I want to also note that during the weekend seminar in Orono, most comments were rife with these collectivist uses of "we" - particularly as in "when should we wage a just war?" You specifically did not correct the young man who addressed this question to you that his use of "we" was totally inappropriate; that he could actually only decide and speak for himself, not anyone else unless given specific authorization to do so. You didn't even respond on the wrongness of the whole notion of a "country waging war" as though it were one enormous volitional entity. You didn't even speak of individuals protecting themselves as in a defensive action against an invading force. What needed to be said is that the entire concept of war - as in one tribe or a country attacking or defending itself rather than individuals attacking or defending - is collectivist in nature and contrary to the principles of libertarianism. Even with the war of independence, it was not correctly the "Americans" against the "British". Many residents of the colonies either did not agree with the war or did not fight. Many British citizens were against the war and only a very small percentage actually fought. At best it was a battle of some residents of the colonies against soldiers and mercenaries who King George had sent to the colonies to fight them. In the end, it was a fight of individuals against individuals. To imply that (all) British were enemies of (all) Americans (as TDOI in fact did) is the worst kind of exaggerated collectivism. The same has been fomented by the involved governments during every war that has ever been fought. It is long past time that such collectivist fraud was exposed, castigated and terminated - and not accepted merely because of the assumption that the leaders involved are speaking "stylistically"!!

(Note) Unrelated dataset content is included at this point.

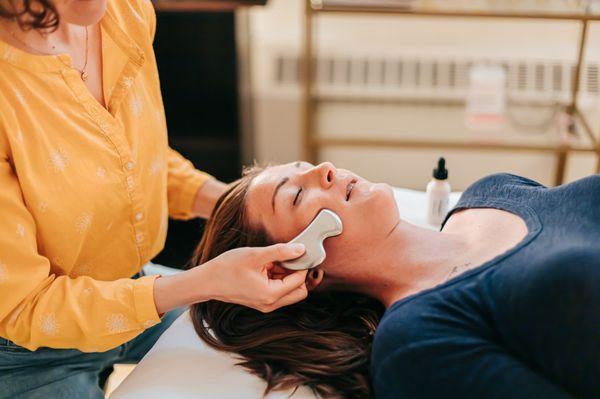 Patient getting gentle gua sha facial massage at Seneca Falls Acupuncture, as part of a cosmetic acupuncture treatment.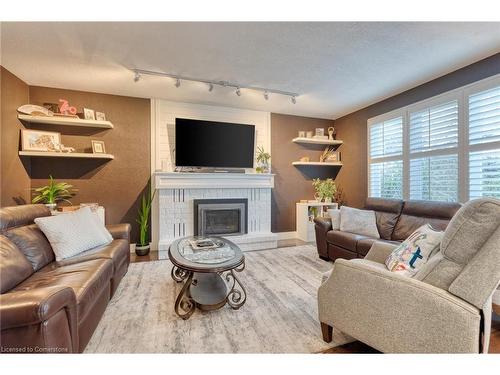 65 Derek Drive, Hamilton, ON - Indoor Photo Showing Living Room With Fireplace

Again, this notion of a voluntary society in which members agree to abide by majority rule (in some matters) is what we find in Lockean versions of the social contract. Like you, I don't find the arguments for this version of the social contract convincing, at least not as a justification for existing governments, but this is a different issue.
Even if the Lockean model of social contract ultimately fails (as I believe it does), it was not collectivistic in either its premises or intent. On the contrary, it was firmly rooted in what I call political reductionism. This is the doctrine that only individuals have rights, and that if we are to ascribe rights to groups we must show how these group rights can logically be derived from -- i.e., reduced to -- the rights of individuals. This is what Locke and others in his tradition attempted to do, via a theory of consent. And this was the dominant theory in 18th century America.
The doctrine that each individual has given some prior consent to be governed (by being born?) is pure contradictory nonsense. To invalidate this, all that anyone needs to do is to say: "I don't consent!" That would then withdraw any delegation of my rights to any government and leave me free to follow my own arrangements. The problem with the whole business of natural rights is that they do not form a complete and compossible set. And that is because they are derivative (where they apply) from a much more fundamental set of truths of the reality of man's nature. Trying to use natural rights as the foundation for ordered social interrelationships is like trying to use the laws of Newtonian physics as the foundation for understanding phenomena in the extreme conditions of relativity (high velocity, energy and mass) and of quantum reality (small mass, charge, energy, momentum, duration, and distance).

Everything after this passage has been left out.